What Does Installing Polybase Add to My SQL Server?

In this post, I want to show you some of the components that are added to your SQL Server when you install the Polybase feature and where they reside.

Introduction:

Polybase is a new feature with SQL 2016 that allows you to query external Hadoop data and data in Azure Blob Storage. It has been around for a little while in the Analytics Platform System appliance as a feature in Parallel Data Warehouse, but it now can be installed on SQL Server 2016. There are a number of resources to help you learn a lot more (like the MSDN Polybase Guide), and I will be following up with more posts about Polybase. Here I will describe some of the components you will see when you install the feature.

Java and Polybase Services:

One of the First things you may notice when you go to install the Polybase feature is that it has a prerequisite for installing Java Runtime. This must be done before the installer will allow you to continue. Make sure you install the 64bit Java Runtime.

There are 2 services created for Polybase.

Polybase Engine: This is the brains of the operation. The engine service is the core service that parses TSQL into requests to the external data source, sends results to the client, coordinates with compute nodes (in a scale out scenario). If you have Polybase configured in a scale-out group, there will be 1 Engine service that is the control node for all the other included nodes (referred to as compute nodes.

Data Movement: If the Engine is the brain, then this is the brawn. This service (often just called DMS for Data Movement Service), temporarily moves data from the external source to SQL Server. In a scale-out scenario, you will have multiple nodes running DMS tasks in parallel to spread out the load to multiple SQL Servers. This is similar to a Hadoop data node. In order to fulfill queries, there may also be a need to shuffle some of this temporary data between various nodes in the scale-out group. This service performs that function as well.

When in a scale-out scenario, you can see the members of the group via SSMS as seen below. More info about scale-out groups can be found in the Polybase Guide linked at the beginning of this post.

Files:

For the most part, all the files required for the services are installed in the <InstanceRoot>\MSSQL\Binn\Polybase, and for the most part, you will not touch these files. The exception will be the <instanceRoot>\Binn\Polybase\Hadoop\conf directory. Here you will see config files that you can modify to enter path information from your Hadoop environment to enable predicate pushdown and Kerberos authentication.

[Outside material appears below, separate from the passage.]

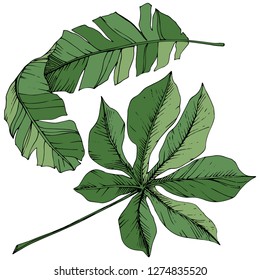 Vector Exotic tropical hawaiian summer. Palm beach tree jungle botanical leaves. Green engraved ink art. Leaf plant botanical garden floral foliage. Isolated leaf illustration element.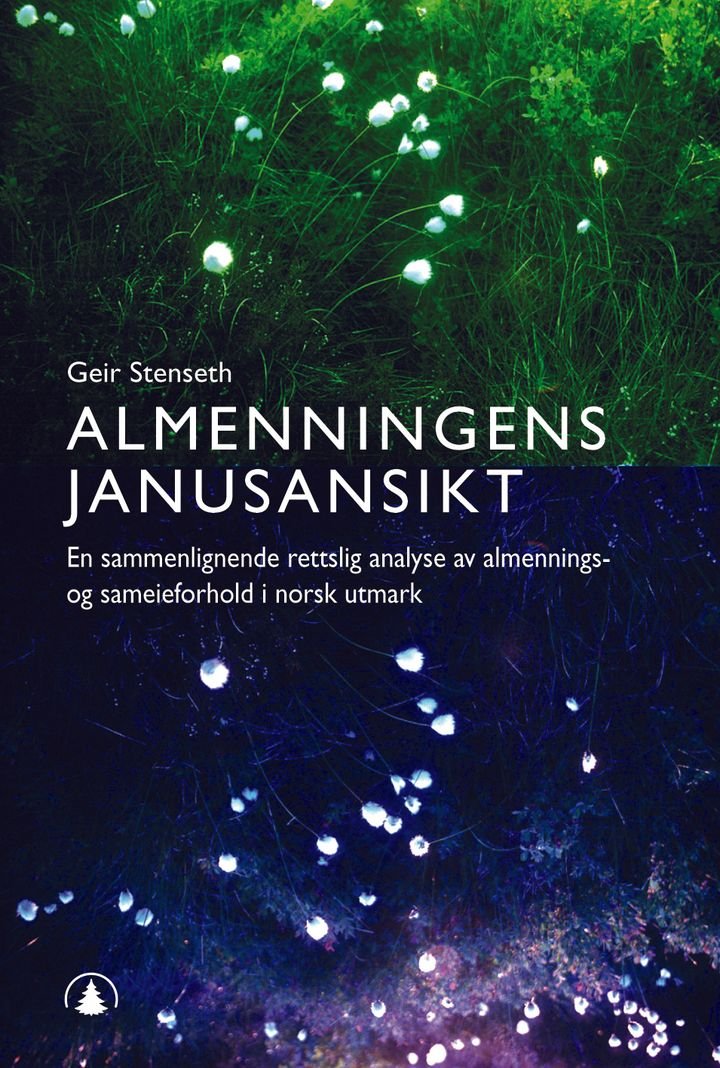 Almenningens janusansikt - en sammenlignende rettslig analyse av almenings- og sameieforhold i norsk utmark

You will find log files in a subfolder where you have the SQL Server log files installed. In my case it is <InstanceRoot>\MSSQL\Log\Polybase. There are log files for both the Engine and Data Movement services. They log all activity for these services and data will roll over based on the size of the files, therefore there will be varying history based on activity level. Errors also log to error specific files which will have a longer retention. Along with the DMVs, these will be your best tools in troubleshooting both performance and failures with Polybase. Describing the contents separate topic all itself, and I plan to follow up with a post on that at a later date.

System Databases:

There are 3 databases created by Polybase. While they are not really system databases in the sense that they are in the "System Databases" in SSMS, I consider them system dbs similar to how I like to consider SSISDB a system database. It is not a db you want to mess with the schema or data. The three databases are DWConfiguration, DWDiagnostics, and DWQueue. For the most part, their name pretty well describes their usage, but they are not databases you will ever be querying unless directed to by Microsoft Support while troubleshooting a support case. Even then, typically log files and DMV data are all that will be requested. I suggest you leave these dbs alone. Back them up along with the other system databases, but most likely it would be easier to uninstall/reinstall Polybase then to worry about ever restoring these dbs.

Database objects:

After Polybase is installed, you will have 4 new object types that you can create, and all three are needed to successfully query external sources supported by Polybase.

External Data Source: This is the pointer to the data source. The type of information required depends on the data source. For example, Hadoop data sources require a name node IP address and port.

External File Format: This defines the file format that you will be accessing (examples are ORC, RCFILE, DELIMITED)

External Table: This is where you define the columns that you want and specify the external data source, file format, and the location within the external data source (path to folder). This is the object that you will select just as if it is a table within a SQL Server database.

Database Scoped Credential: This will only be used when configuring the external data source for Kerberos authentication.

This has been a fairly lengthy post, and it really just touches the surface of Polybase. It is a complex feature that has grown and been used for a number of years in the Parallel Data Warehouse product, but is now available in SQL Server 2016. It is very powerful, but it is also very different for a DBA. I will be posting a 2 part series here in the next few weeks on how you can build your own environment to learn and test Polybase.